Нас увозят с кочевья и выгружают высоко в горах, мире цветов и прочих щедрот монгольской фауны. Под журчанье речушки «зеленые» рубят молодые деревья для костра и ставят палатку. Мы разбредаемся по лугу.
– Ходить по одному нельзя, – говорит Энхе.
– Почему?
– Заповедник. Волка ходит, желтый медведя ходит, кабана ходит.
– Как???!!!
– Заповедник.
– А кабаны в палатку не забираются?
– Нет, – говорит Энхе, – но они… – делает жест, одновременно обозначающий подкапывание земли под палатку и некую скабрезность. – Они интересуются!
– А ружье есть?
– Ружье есть у шоферы. Шофера пьяный спит.
После выволочки становится сытнее. Энхе приносит в палатку две миски печенья. Одну ставит перед иностранцами, другую, сладко улыбаясь, – передо мной.

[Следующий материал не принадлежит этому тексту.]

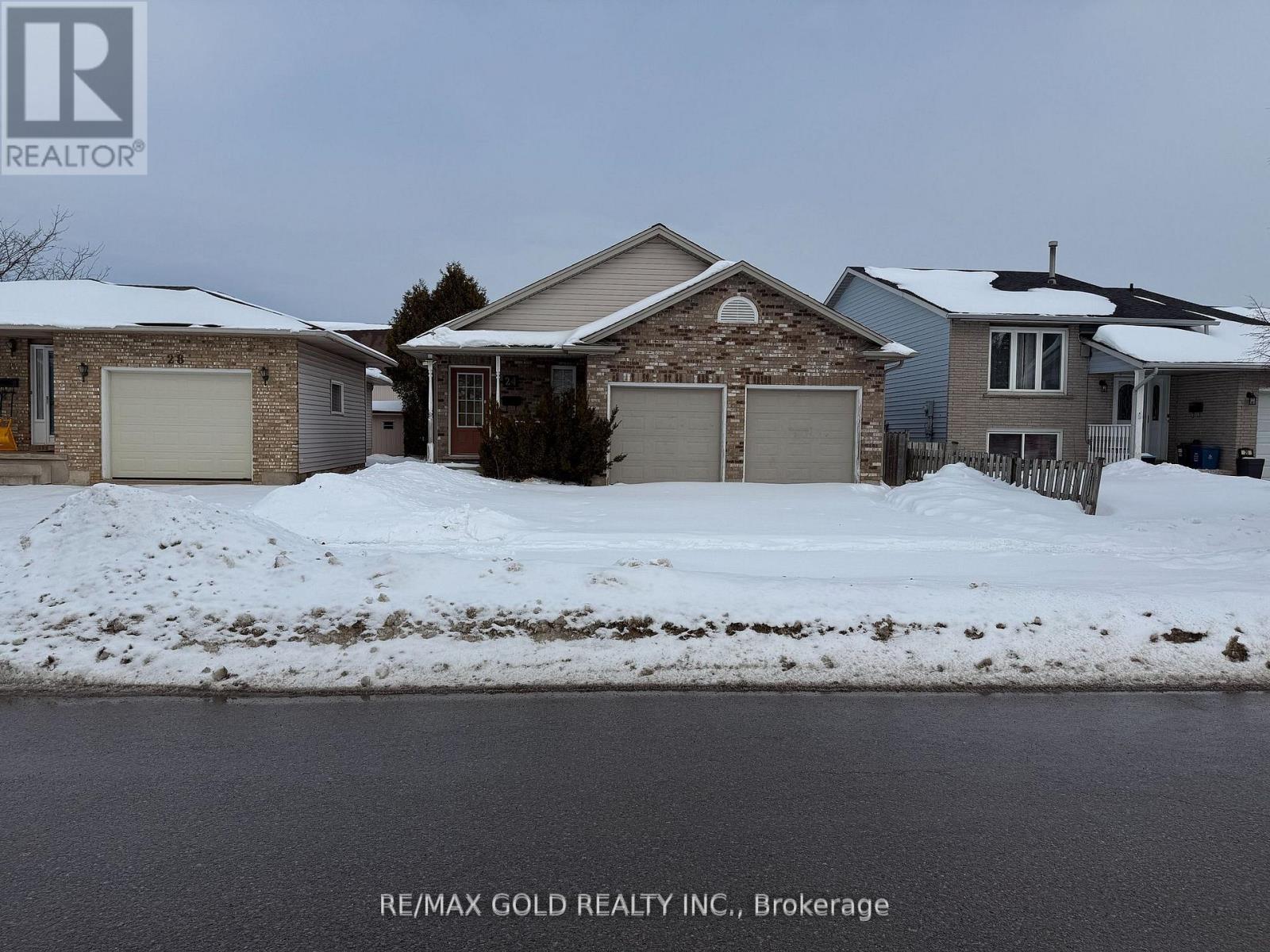 MAIN - 24 EASTWOOD DRIVE, Welland, Ontario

Лена и Миша хихикают. Западники недоумевают.
– Послушай, Энхе, – говорю я голосом своей свекрови, недовольной шофером Васей. – Мы – три больших начальника из Москвы. Три! Поняла? – И показываю ей три пальца.
– Три? – удивляется она, показывая себе три собственных пальца, и многозначительно кивает. В ее глазах вспыхивает огонек зомби, пошедшего на задание. Слава богу! Теперь мы не умрем от голода и нас не сожрет кабан.
– Мишка, ты и ты! – вбегает через несколько минут младший брат Энхе. «Ты и ты» – это я и Лена, ему тяжело нас выговорить. – Барашка резать!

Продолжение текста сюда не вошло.